Why This Approach Works
• Sliding Window ensures we process the string in linear time by maintaining a valid substring and adjusting only as needed.
• Frequency Array efficiently tracks the number of replacements required.
Steps of the Algorithm
1. Initialize:
• left pointer at 0.
• maxFreq to track the highest frequency of a character in the window.
2. Expand the window by moving the right pointer.
3. Calculate replacements needed using windowLength – maxFreq.
4. If replacements exceed k, shrink the window by moving the left pointer.
5. Keep track of the maximum valid window length.
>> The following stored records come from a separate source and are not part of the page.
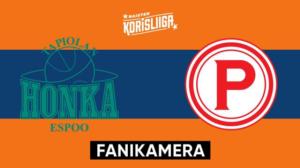 Tapiolan Honka - Tampereen Pyrintö, Fanikamera - Tapiolan Honka - Tampereen Pyrintö, Fanikamera 20.3.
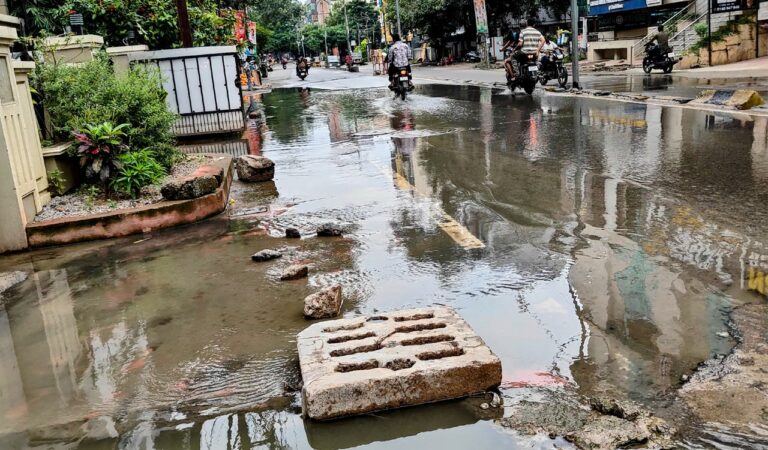 Srinagar Colony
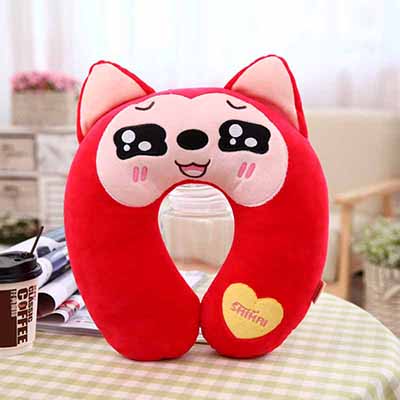 <b>卡通动漫U型枕定制</b>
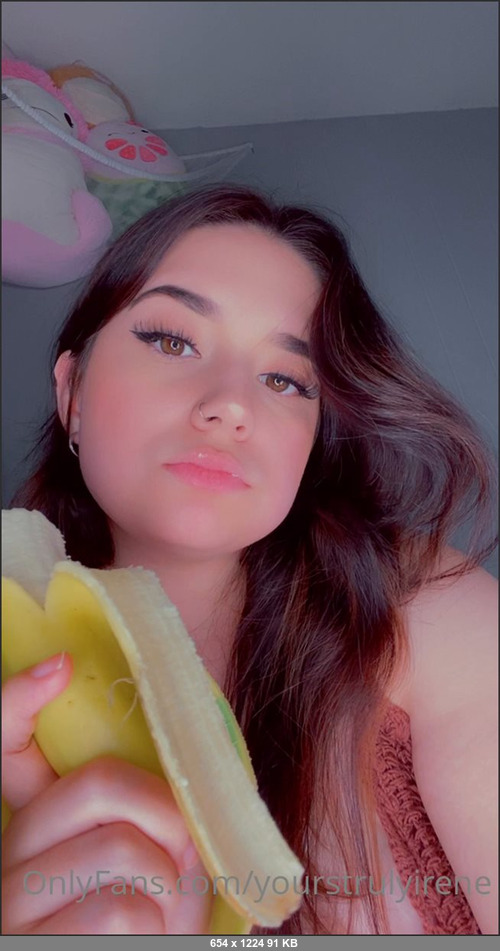 MEGA-FANS – yourstrulyirene-12-08-2021-Who wishes this  was them instead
public static int characterReplacement(String s, int k) {
int[] freq = new int[26]; // Frequency array for characters
int left = 0, maxFreq = 0, maxLength = 0;
for (int right = 0; right < s.length(); right++) {
// Update frequency of current character
freq[s.charAt(right) - 'A']++;
// Update max frequency in the window
maxFreq = Math.max(maxFreq, freq[s.charAt(right) - 'A']);
// Check if replacements exceed k
if ((right - left + 1) - maxFreq > k) {
// Shrink window
freq[s.charAt(left) - 'A']--;
left++;
}
// Update max length of valid substring
maxLength = Math.max(maxLength, right - left + 1);
}
return maxLength;
}Explanation of Code
- Create Char Frequency Array
int[] freq = new int[26]; // Frequency array for characters- Create an array with elements for 26 letters. Each element will track how many characters we have in our current candy lineup.
2. Assign state
int left = 0, maxFreq = 0, maxLength = 0;- Set left to 0 to initialize pointer at the start
- Keep track of highest frequency letter with maxFreq
2. Add To Character Frequency
for (int right = 0; right < s.length(); right++) {
freq[s.charAt(right) - 'A']++;
maxFreq = Math.max(maxFreq, freq[s.charAt(right) - 'A']);
}- Move the right frequency along
- Increase the count of the candy that was just added.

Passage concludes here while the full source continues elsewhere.